Start of Input data

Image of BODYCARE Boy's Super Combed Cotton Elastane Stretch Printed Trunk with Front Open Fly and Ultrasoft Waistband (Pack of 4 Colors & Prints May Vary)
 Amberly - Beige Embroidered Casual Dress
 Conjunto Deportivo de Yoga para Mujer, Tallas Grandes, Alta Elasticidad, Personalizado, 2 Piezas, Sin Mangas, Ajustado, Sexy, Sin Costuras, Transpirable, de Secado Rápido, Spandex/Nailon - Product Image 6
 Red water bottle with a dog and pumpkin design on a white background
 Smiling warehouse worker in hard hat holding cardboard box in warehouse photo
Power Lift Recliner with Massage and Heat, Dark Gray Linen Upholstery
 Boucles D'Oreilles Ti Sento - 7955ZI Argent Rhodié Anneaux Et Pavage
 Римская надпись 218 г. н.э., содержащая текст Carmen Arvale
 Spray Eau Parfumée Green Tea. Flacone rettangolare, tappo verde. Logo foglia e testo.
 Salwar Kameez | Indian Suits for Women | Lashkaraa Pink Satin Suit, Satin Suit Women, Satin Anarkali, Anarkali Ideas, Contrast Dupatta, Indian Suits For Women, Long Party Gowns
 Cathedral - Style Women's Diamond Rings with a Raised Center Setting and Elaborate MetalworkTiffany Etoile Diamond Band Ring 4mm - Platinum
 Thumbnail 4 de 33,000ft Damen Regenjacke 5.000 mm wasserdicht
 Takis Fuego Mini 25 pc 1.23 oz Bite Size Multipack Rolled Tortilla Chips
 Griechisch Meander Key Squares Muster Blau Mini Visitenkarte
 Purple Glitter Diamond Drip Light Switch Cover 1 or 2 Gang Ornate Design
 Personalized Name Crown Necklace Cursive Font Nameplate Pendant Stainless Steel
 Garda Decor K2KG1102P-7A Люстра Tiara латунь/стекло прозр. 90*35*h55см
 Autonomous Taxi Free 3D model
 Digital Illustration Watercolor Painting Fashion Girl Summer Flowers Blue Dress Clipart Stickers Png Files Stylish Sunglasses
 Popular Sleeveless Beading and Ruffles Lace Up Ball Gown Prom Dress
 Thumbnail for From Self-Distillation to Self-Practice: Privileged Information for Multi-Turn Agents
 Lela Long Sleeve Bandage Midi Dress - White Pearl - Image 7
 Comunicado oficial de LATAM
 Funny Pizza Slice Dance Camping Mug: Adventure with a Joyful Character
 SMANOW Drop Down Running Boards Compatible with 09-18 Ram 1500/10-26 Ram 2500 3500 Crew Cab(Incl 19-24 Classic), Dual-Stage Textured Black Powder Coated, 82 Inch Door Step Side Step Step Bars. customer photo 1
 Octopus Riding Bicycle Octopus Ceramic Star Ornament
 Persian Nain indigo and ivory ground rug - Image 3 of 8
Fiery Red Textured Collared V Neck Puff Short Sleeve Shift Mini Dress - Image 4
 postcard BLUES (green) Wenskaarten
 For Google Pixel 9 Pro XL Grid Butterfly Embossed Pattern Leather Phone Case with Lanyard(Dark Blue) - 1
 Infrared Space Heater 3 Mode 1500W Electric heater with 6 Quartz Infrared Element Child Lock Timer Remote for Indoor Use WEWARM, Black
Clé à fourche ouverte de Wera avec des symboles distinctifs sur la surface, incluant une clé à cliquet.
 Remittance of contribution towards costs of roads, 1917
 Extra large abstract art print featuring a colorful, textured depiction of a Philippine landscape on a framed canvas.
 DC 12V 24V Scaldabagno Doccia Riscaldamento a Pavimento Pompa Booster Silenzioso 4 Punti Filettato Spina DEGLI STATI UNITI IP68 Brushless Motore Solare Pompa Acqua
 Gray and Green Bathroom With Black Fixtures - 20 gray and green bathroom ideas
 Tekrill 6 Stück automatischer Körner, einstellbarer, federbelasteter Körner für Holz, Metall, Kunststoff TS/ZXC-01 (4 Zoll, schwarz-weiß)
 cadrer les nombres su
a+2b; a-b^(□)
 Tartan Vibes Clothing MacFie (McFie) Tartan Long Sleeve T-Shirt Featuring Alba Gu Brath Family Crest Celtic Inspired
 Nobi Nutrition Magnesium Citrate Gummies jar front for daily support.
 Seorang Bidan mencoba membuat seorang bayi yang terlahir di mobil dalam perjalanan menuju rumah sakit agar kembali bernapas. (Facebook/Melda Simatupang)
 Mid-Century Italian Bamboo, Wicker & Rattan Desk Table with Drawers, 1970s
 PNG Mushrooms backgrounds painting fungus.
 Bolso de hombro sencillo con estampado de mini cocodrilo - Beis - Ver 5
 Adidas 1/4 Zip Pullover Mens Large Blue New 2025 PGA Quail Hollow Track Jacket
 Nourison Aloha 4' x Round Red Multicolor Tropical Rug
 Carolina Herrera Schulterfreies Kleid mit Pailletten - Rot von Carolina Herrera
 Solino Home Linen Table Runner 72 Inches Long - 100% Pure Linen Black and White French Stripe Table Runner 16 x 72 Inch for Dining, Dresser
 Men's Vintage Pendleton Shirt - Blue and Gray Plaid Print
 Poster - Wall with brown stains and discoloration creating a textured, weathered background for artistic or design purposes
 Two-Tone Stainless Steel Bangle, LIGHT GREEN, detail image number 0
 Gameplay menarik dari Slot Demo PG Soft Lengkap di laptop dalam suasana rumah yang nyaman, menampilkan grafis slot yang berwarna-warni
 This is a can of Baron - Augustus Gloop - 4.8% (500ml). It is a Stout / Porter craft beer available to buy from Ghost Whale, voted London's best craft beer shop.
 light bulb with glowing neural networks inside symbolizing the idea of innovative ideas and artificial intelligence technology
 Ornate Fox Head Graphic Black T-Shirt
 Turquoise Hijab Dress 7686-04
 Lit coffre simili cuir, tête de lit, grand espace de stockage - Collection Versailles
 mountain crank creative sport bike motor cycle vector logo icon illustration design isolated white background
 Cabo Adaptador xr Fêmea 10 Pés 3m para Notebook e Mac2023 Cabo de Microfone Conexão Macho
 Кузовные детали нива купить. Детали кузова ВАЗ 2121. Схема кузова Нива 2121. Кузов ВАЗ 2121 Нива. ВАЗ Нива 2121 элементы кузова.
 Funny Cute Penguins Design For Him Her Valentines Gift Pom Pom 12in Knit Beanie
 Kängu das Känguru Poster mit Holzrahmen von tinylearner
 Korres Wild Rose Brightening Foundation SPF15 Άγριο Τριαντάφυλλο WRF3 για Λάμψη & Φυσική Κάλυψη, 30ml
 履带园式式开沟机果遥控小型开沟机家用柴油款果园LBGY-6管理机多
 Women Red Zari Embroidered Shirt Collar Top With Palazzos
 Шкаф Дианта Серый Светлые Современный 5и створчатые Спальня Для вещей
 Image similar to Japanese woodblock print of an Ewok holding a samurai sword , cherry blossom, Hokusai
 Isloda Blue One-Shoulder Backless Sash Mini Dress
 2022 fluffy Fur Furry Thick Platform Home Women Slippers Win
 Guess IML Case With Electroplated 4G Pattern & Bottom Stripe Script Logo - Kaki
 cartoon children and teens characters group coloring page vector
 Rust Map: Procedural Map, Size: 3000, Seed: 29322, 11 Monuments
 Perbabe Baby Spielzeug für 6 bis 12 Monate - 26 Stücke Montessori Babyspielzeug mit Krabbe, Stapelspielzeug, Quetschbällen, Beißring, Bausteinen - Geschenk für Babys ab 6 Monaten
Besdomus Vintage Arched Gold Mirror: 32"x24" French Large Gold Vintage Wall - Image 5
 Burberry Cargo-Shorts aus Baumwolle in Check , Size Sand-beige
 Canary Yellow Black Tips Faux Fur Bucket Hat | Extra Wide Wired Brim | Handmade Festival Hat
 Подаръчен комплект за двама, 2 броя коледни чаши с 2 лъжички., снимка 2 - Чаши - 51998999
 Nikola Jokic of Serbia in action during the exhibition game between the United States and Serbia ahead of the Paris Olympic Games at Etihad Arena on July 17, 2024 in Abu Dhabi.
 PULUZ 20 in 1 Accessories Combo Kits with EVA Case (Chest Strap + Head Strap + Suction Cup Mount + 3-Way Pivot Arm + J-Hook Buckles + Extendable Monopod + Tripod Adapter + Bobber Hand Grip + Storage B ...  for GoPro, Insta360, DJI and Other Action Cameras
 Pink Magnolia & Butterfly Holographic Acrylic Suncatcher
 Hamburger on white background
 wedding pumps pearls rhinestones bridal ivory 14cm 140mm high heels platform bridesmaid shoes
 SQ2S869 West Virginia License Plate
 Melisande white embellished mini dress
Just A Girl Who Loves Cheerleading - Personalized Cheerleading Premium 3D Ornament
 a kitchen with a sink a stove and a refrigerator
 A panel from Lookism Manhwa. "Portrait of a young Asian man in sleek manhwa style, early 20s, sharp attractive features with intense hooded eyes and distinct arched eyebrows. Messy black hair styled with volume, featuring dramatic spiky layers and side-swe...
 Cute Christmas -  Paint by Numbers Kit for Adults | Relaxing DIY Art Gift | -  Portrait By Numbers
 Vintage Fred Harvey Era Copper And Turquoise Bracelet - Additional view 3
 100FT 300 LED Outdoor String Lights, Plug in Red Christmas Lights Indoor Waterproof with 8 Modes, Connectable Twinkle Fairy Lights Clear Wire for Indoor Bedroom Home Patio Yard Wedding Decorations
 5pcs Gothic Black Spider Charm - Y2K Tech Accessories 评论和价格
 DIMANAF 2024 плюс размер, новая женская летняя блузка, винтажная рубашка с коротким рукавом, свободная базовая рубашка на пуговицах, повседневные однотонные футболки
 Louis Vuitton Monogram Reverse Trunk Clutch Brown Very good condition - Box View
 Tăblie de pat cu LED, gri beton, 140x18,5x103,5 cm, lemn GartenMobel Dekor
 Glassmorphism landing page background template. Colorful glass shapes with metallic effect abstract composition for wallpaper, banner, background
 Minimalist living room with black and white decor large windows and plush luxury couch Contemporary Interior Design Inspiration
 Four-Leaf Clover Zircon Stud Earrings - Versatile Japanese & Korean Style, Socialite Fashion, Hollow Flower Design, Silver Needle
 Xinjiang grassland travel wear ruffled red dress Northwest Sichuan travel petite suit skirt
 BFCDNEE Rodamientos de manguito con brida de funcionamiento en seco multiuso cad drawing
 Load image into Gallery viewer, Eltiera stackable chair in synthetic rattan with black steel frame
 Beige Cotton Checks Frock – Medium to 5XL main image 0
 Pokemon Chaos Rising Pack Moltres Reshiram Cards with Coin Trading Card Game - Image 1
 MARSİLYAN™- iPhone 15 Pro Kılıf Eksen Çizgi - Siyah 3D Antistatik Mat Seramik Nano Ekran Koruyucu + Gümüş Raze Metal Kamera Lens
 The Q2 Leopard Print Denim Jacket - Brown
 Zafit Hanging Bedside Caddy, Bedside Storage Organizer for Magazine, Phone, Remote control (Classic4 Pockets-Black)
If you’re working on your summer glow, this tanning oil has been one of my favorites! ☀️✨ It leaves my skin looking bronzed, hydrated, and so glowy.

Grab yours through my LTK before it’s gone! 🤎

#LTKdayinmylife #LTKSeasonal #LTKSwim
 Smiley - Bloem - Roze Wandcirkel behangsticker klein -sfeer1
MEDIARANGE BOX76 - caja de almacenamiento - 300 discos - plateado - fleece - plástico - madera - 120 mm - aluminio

End of Input data

> Exercise details
Please reproduce, exactly as they appear above, the lines from the line containing "Guess IML Case" up to and including the line containing "A panel from".

> Result of this task
 Guess IML Case With Electroplated 4G Pattern & Bottom Stripe Script Logo - Kaki
 cartoon children and teens characters group coloring page vector
 Rust Map: Procedural Map, Size: 3000, Seed: 29322, 11 Monuments
 Perbabe Baby Spielzeug für 6 bis 12 Monate - 26 Stücke Montessori Babyspielzeug mit Krabbe, Stapelspielzeug, Quetschbällen, Beißring, Bausteinen - Geschenk für Babys ab 6 Monaten
Besdomus Vintage Arched Gold Mirror: 32"x24" French Large Gold Vintage Wall - Image 5
 Burberry Cargo-Shorts aus Baumwolle in Check , Size Sand-beige
 Canary Yellow Black Tips Faux Fur Bucket Hat | Extra Wide Wired Brim | Handmade Festival Hat
 Подаръчен комплект за двама, 2 броя коледни чаши с 2 лъжички., снимка 2 - Чаши - 51998999
 Nikola Jokic of Serbia in action during the exhibition game between the United States and Serbia ahead of the Paris Olympic Games at Etihad Arena on July 17, 2024 in Abu Dhabi.
 PULUZ 20 in 1 Accessories Combo Kits with EVA Case (Chest Strap + Head Strap + Suction Cup Mount + 3-Way Pivot Arm + J-Hook Buckles + Extendable Monopod + Tripod Adapter + Bobber Hand Grip + Storage B ...  for GoPro, Insta360, DJI and Other Action Cameras
 Pink Magnolia & Butterfly Holographic Acrylic Suncatcher
 Hamburger on white background
 wedding pumps pearls rhinestones bridal ivory 14cm 140mm high heels platform bridesmaid shoes
 SQ2S869 West Virginia License Plate
 Melisande white embellished mini dress
Just A Girl Who Loves Cheerleading - Personalized Cheerleading Premium 3D Ornament
 a kitchen with a sink a stove and a refrigerator
 A panel from Lookism Manhwa. "Portrait of a young Asian man in sleek manhwa style, early 20s, sharp attractive features with intense hooded eyes and distinct arched eyebrows. Messy black hair styled with volume, featuring dramatic spiky layers and side-swe...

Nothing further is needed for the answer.